19/06/2010

xadrez

o fim dos tempos
está no início inscrito
e o começo de tudo
espreita altivo do fim
é luz, magia
massa e energia
neste voo alinhavado
sobre tenro pecado
nesta estrada estelar
de sinergias feita
é alma em chama
e zero absoluto
equação incompleta
em sonhos desperta
universo sem fim
cabes no meu bolso
és só ou peão
no xadrez
que Deuz fez?

Beware of the wolves

The nightingale spoke
The words of the Forgotten
On the edge of a cliff
Swallowed by the roar of the sea.
They came with the wind
Cut by scissors of salt
And Mother Nature cried
Their torn apart tears.
In the cradle awoken
They just came to pray:
Beware of the wolves,
Beware of the wolves, they say!

tua

se o tempo não se esquecer, há-de levar-me o corpo queimado de vida, marcado por cicatrizes de instantes felizes, segundos sem igual, emoções rubras e azuis. papoila desmanchada entre os dedos ávidos de terra e pó. sou mera estrada, pedra da calçada.
se o tempo não se esquecer, há-de arrancar-me o sopro da vida com o beijo da morte. e será o beijo mais doce de sempre, mais terno e apetecido.
«esperei tanto por ti! pensava que nunca mais chegavas.»
sei-te do lado de lá. não me perguntes como, mas sei. não foi a estrela, nem a palma da mão. não! és tu que estás impregnado em mim, como um perfume que não sai. cheiro-te em mim, sabes-me na minha língua, na saliva que liberto só de te escrever.
anjo negro que velas por mim. sabes-me tua. dá-me o beijo da morte. ou atravessa a porta, porque estou aqui, à espera, ausente, presente em ti.
se o tempo não se esquecer, vai comer-me a pele e os ossos, beber o meu sangue e segurar o começo e o fim no mesmo instante. e o brilho será intenso. cegará os homens e os deuses. cegará a boca do espaço e serei, enfim, tua...

08/06/2010

ainda não era o tempo

ainda não era o tempo
de a lua se despir
enquanto declamava
os peixes que ondulavam
no seu ventre macio,

ainda não era o tempo
de o eco distante se libertar
penetrando nos poros sequiosos
das bocas que abriam caminho
ao voo dos girassóis,

ainda não era o tempo
de a alma chorar
estrelas-do-mar e ouriços
enquanto cantava o silêncio
de um amor quebrado no molhe,

ainda não era o tempo
-ouvia-se-
ainda não era o tempo
de as horas não existirem
no entrelaçar de sorrisos
na dança de olhares vivos
no alento de um amor sonhado.

no silêncio

-Não achas que está na altura de fazermos as pazes?
-... (silêncio).
-Estou zangada contigo há demasiado tempo.
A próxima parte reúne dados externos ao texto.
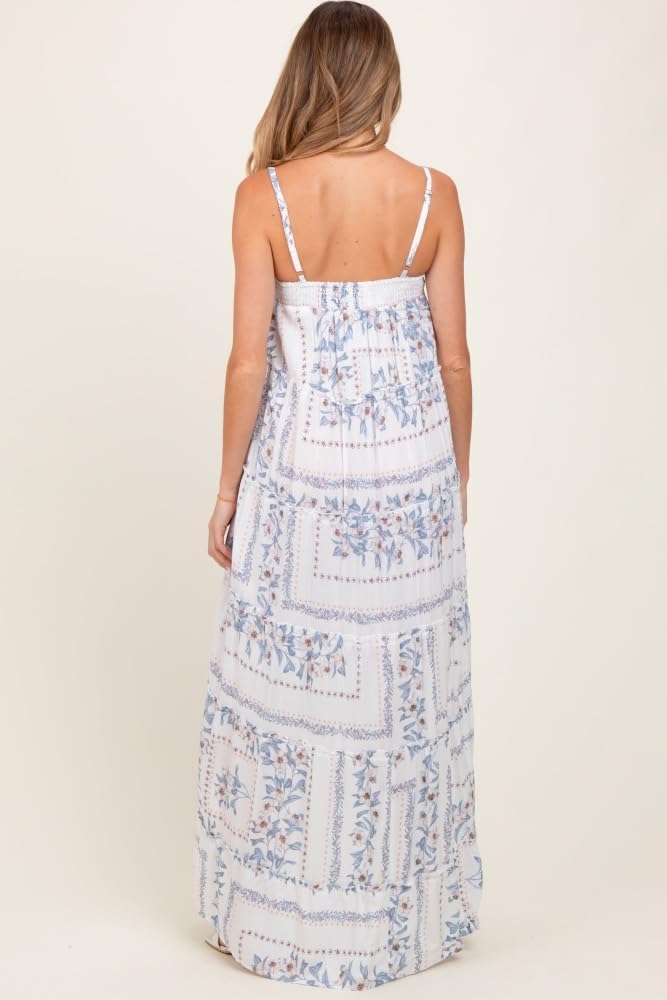 PinkBlush Light Hi-Lo Spaghetti Strap Patchwork Ruffle Maternity Maxi Dress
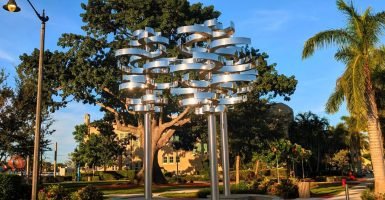 Artwork on the corner in downtown Boynton Beach, Florida.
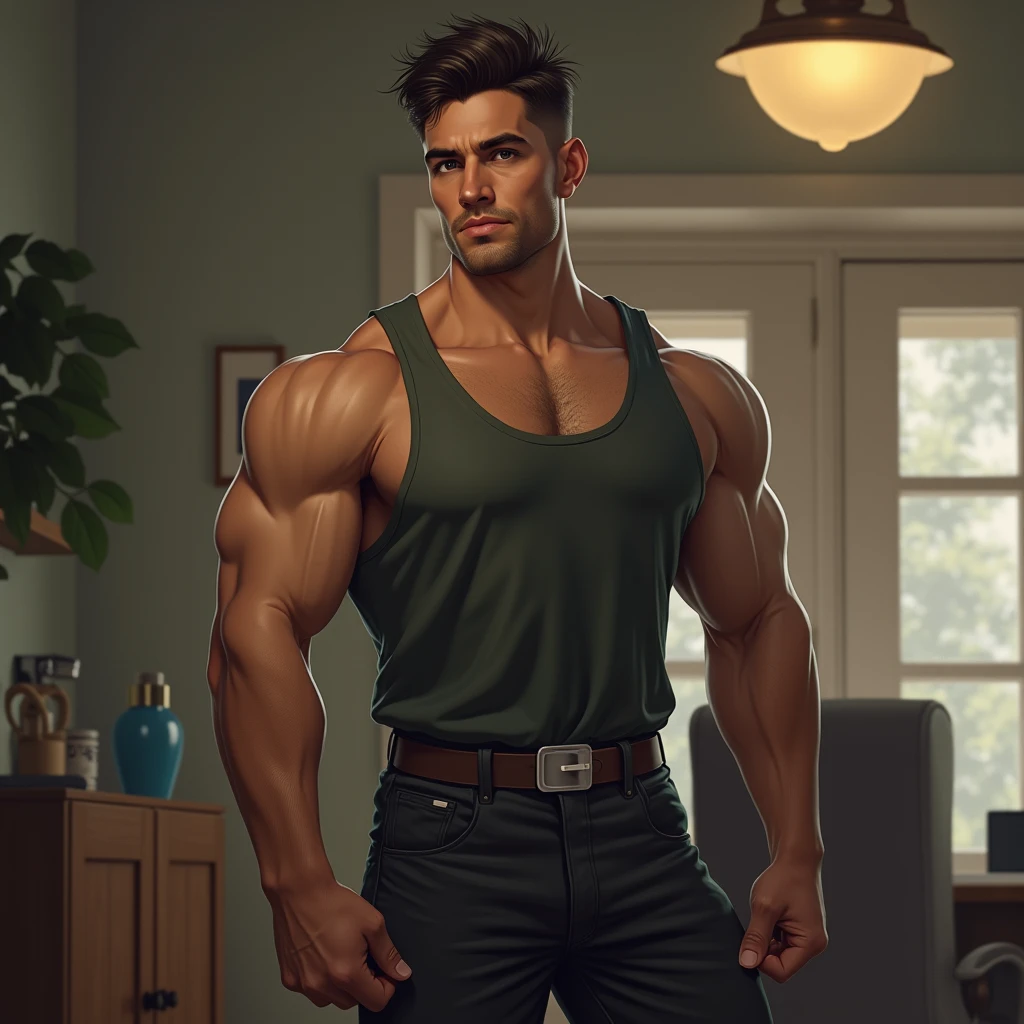 30 years old, male, white inch, stubble, huge muscles, mature man, muscle swelling, bodybuilding, pectoral muscles, abs, in a flower shop, wearing a white shirt, sports shorts, sneakers, natural light, wheat-colored skin, wet, sitting, a man, Tyndall effect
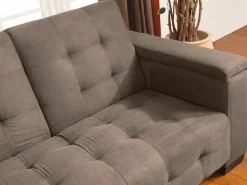Vente-unique Sofa cama 3 plazas clic-clac de microfibra, marrón DEVONSHIRE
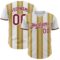 Custom White Crimson-Old Gold Gradient Vertical Stripe Argentina Style Authentic Baseball Jersey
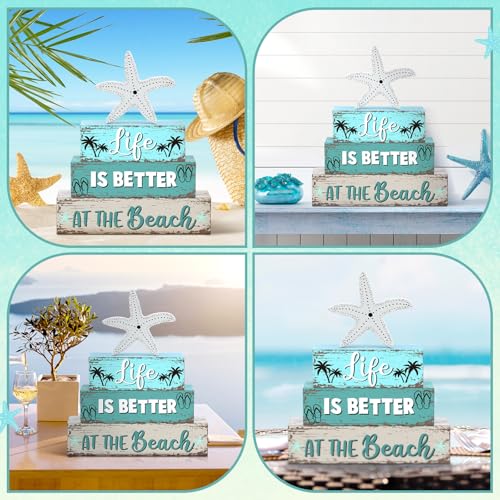 Geelin 4 Pcs Summer Table Decorations Ocean Life Better Wooden Block Signs Beach Theme Starfish Palm Slipper Tabletop Centerpieces Farmhouse Tiered Tray Decor for Home Table Kitchen Shelf - style: Ocean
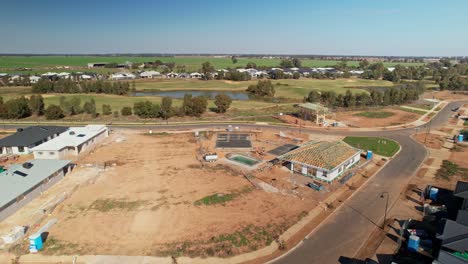 Yarrawonga,-Victoria,-Australia---14-May-2023:-Over-houses-and-pool-under-construction-with-golf-course-in-the-background-at-Yarrawonga-Victoria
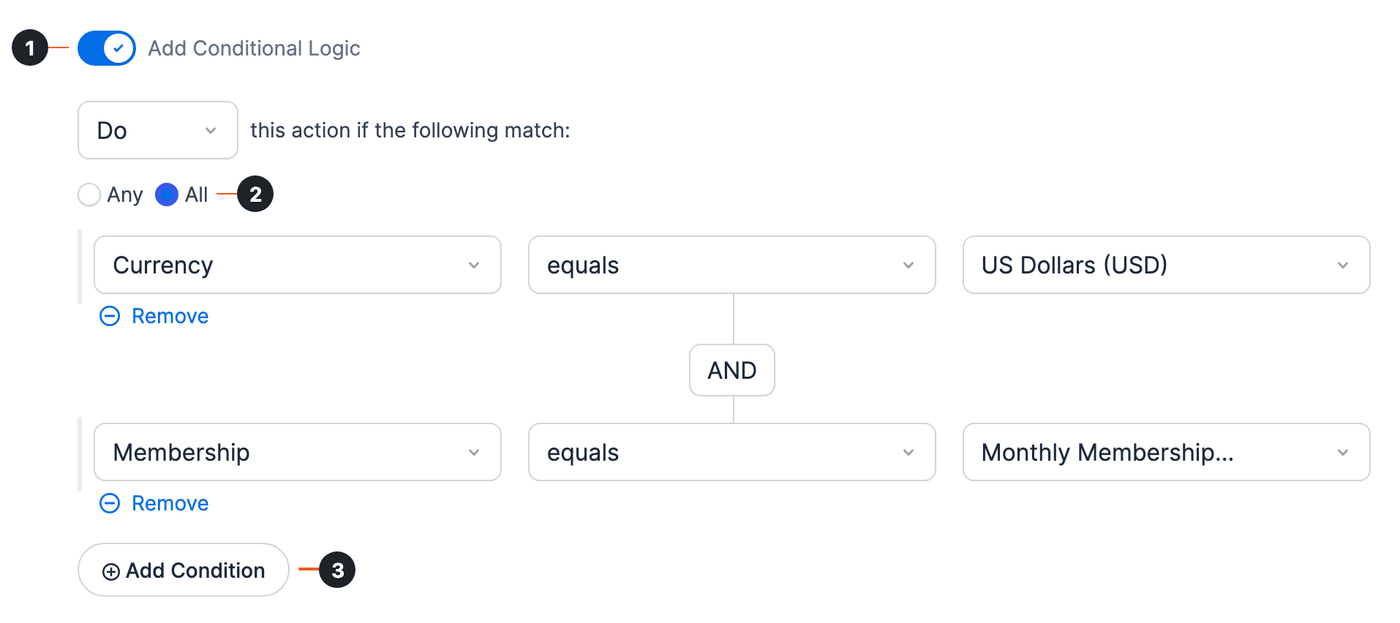 Conditional logic turned on (1), All selected (2) and two conditions joined by AND: Currency equals US Dollars (USD) and Membership equals Monthly Membership (Recurring), with Add Condition (3) Conditional logic turned on (1), All selected (2) and two conditions joined by AND: Currency equals US Dollars (USD) and Membership equals Monthly Membership (Recurring), with Add Condition (3)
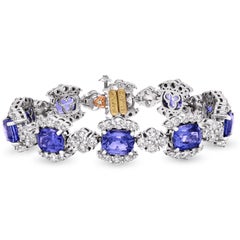 Stambolian GIA Ceylon 21.79 Carat Blue Sapphires Diamonds 18K Gold Bracelet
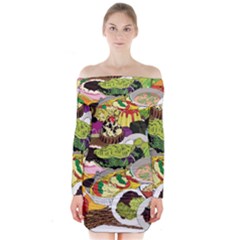 Eat Food Background Art Color Long Sleeve Off Shoulder Dress by Sapixe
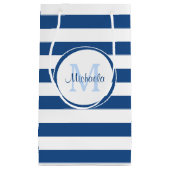 Mod Stripes en Dressy Dark Blue Monogramname Name Klein Cadeauzakje (Voorkant)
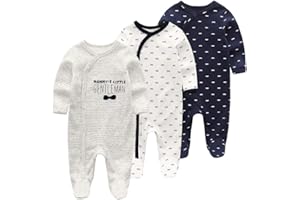 Unisex Baby 3-Pack Organic Cotton Snap Footed Sleep and Play Pajamas Long Sleeve Bodysuit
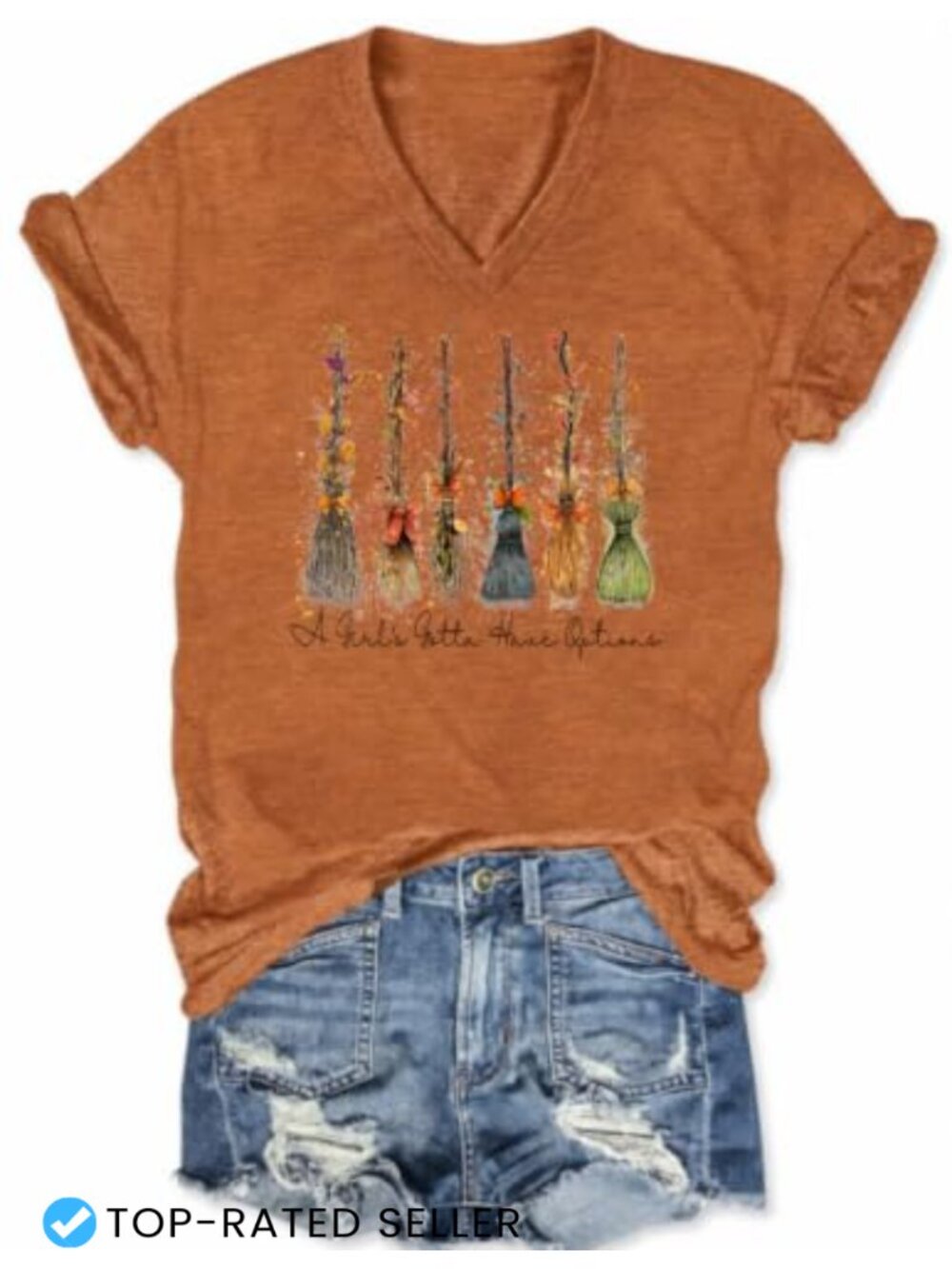 Halloween Womens V Neck T Shirt Cute Pink Witch Broom Print Short Sleeve Tee Top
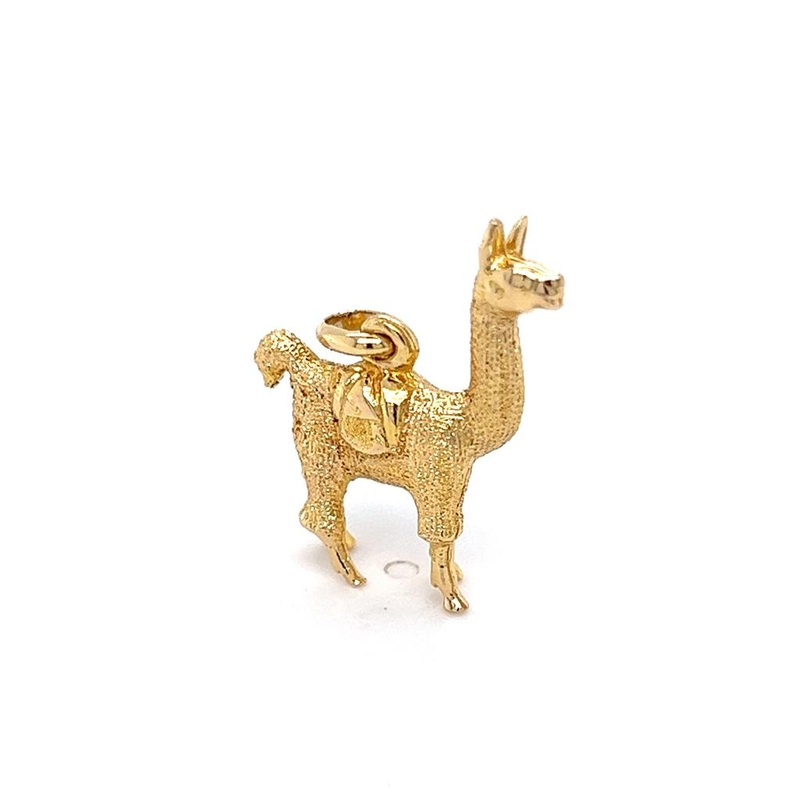 Yellow 18 Karat Llama Charm Estate Jewelry with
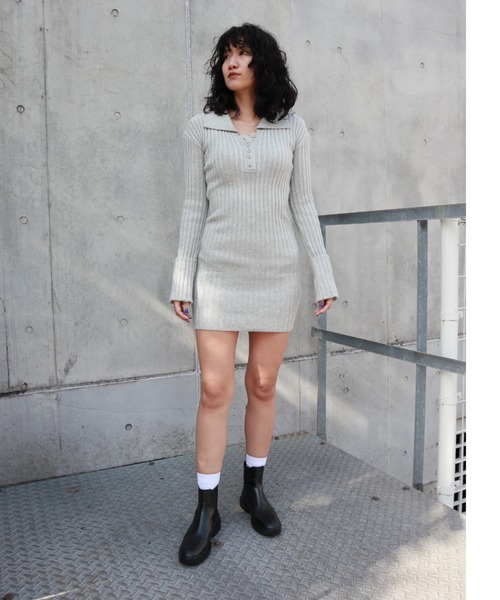 FIG&VIPER（フィグアンドバイパー）の「ヘンリーネックリブニットOP（ワンピース・レディース・ブラック/グレー・FREE）」の3枚目の写真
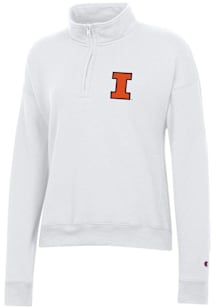 Champion Illinois Fighting Illini Womens White Powerblend Qtr Zip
Cansada de estar zangada. Não me adianta de muito, pois não?
-... (muito silêncio, na penumbra do som).
-Vou tentar não te culpar por mais nada. A culpa é coisa nossa, não é?
-... (breve tartamudear da brisa).
-Dá-me, ao menos, alento. Não consigo encontrar-me em mim. Deixa-me repousar o cansaço no teu colo. Serena-me... lentamente...
-... (a superfície do deserto que serpenteia ao de leve).
-Junta-te a mim. Vem. Tenho fome de espírito. Limpa-me as lágrimas que não caem... não consigo chorar.
-... (breve arrulhar das folhas perenes).
-Dói-me. Ali... no princípio. Fica comigo mais um pouco...
-... (o silêncio cantado é o mais belo dos silêncios).
(conversa com Deus)

ecce homo

o frio cortava o rosto como lâminas afiadas. segurou a gola do casaco para tapar o pescoço. só via os pés e as pernas de outros rostos que não conhecia. de cada lado das ruas graníticas corria um rio de gente, em silêncio, em comunhão com Ele. as velas nas mãos gretadas, geladas. mãos despidas. mãos... abertas. a luz na escuridão. vislumbre de compaixão. queria cuspir a culpa, mas ela não caiu. continuou a andar, acompanhando a procissão. era tarde. noite cerrada. estava cansado. exausto. caminhava com passo cadenciado e seguro num caminho errante que se ia desenhando à sua frente de forma tímida. torrente de calor. espírito materializado. alento. amor. amor. amor. continuou embalado, como se em transe. quando se deitou, percebeu que era apenas humano. podia chorar. e chorou. sem receio, sem vergonha, sem pressas.